To apply polynomial de-aliasing there are the following options:

! ================================================ ! ! OVERINTEGRATION (ADVECTION PART ONLY) ! ================================================ ! OverintegrationType=0 ! 0:off 1:cut-off filter ! 2: conservative cut-off NUnder = 7 ! specifies effective polydeg ! (modes > NUnder are thrown away) ! for types 1 and 2

FLEXI has three ways of doing polynomial de-aliasing. Mode 0: don’t do it. Mode 1: a filter is applied to the time-update $(J*U_t)$. The filter is formulated as a Galerkin projection of degree $N$ to $NUnder$, the effective resolution is thus $NUnder$. Mode 2: in principle identical to Mode 1, but takes into account non-linear metric terms. For the linear mesh of this tutorial the result is identical, while Mode 2 is slightly more computational expensive, so we omit it.

For FLEXI we can run under-resolved computations without sub grid scale model. The only artifical dissipation is then provided by the Riemann solver used for the inter-cell fluxes. You can change the Riemann solver to see the effect with the following parameters:

! ================================================ !
! Riemann
! ================================================ !
Riemann= RoeEntropyFix ! Riemann solver to be used:
! LF, HLLC, Roe,
! RoeEntropyFix, HLL, HLLE, HLLEM

To add Smagorinsky’s model set the following parameter to $1$, here CS is the Smagorinsky constant usually chosen around $0.1$ for isotropic turbulence (such as TGV).

! ================================================ !
! ================================================ !
eddyViscType = 0 ! Choose LES model, 1:Smagorinsky
CS = 0.02 ! Smagorinsky constant
PrSGS = 0.6 ! turbulent Prandtl number

Running the Simulation and Results

The command

flexi parameter_flexi.ini > std.out

runs the code and dumps all output into the file std.out. If you wish to run the code in parallel using MPI, the standard command is

mpirun -np XX flexi parameter_flexi.ini > std.out

where $XX$ is an integer denoting the number of processes to be used in parallel. Note that FLEXI uses an element-based parallelization strategy, so the minimum load per process/core is one grid element, i.e. do not use more cores than cells in the grid!
FLEXI writes a TGV analyze file (PROJECTNAME_TGVAnalysis.csv). You can use your favorite plotting program to visualize the ASCII data. Using gnuplot you can create plots with the following syntax:

set key autotitle columnhead
set datafile separator ","
plot "PROJECTNAME_TGVAnalysis.csv" u 1:2 w l

Where you replace PROJECTNAME with the projectname you defined in the parameter_flexi.ini file.

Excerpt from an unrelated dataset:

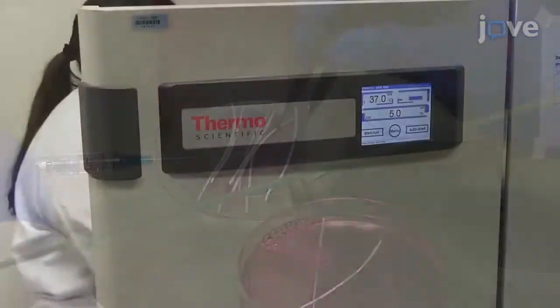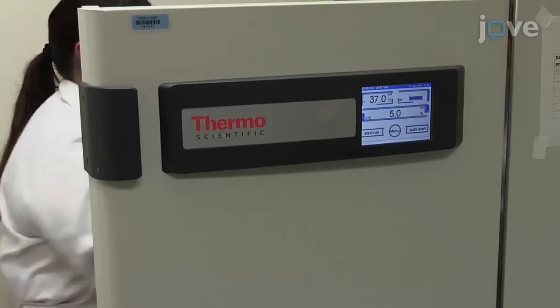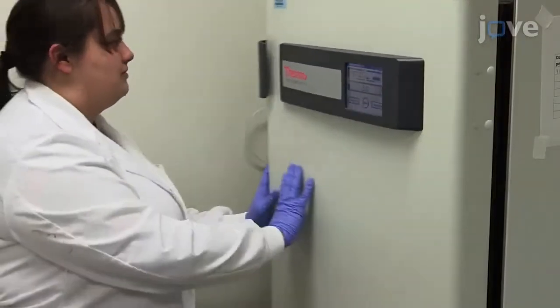Place 6 seeded fibers into a 6-centimeter diameter petri dish, and briefly incubate the seeded fibers at 37 degrees Celsius and 5% carbon dioxide.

Part I: crashing simulation

First we run FLEXI without overintegration/de-aliasing. We will find that the code crashes, once scale production becomes relevant. You can compare your result to the following plot:

Part II: Overintegration

We now use overintegration by changing the respective settings in the parameter_flexi.ini file as described above. For Overintegration==1 set $N=11$ and $NUnder=7$. You can compare your result to the plot below:

Part III: Explicit LES model

To see the effect of adding explicit eddy viscosity we activate the LES model (Smagorinsky) as described above. To obtain the reference result of the following plot set $CS=0.1$. Don’t forget to switch overintegration of again and set polynomial degree to $N=7$. Feel free to play around with the constant, have fun!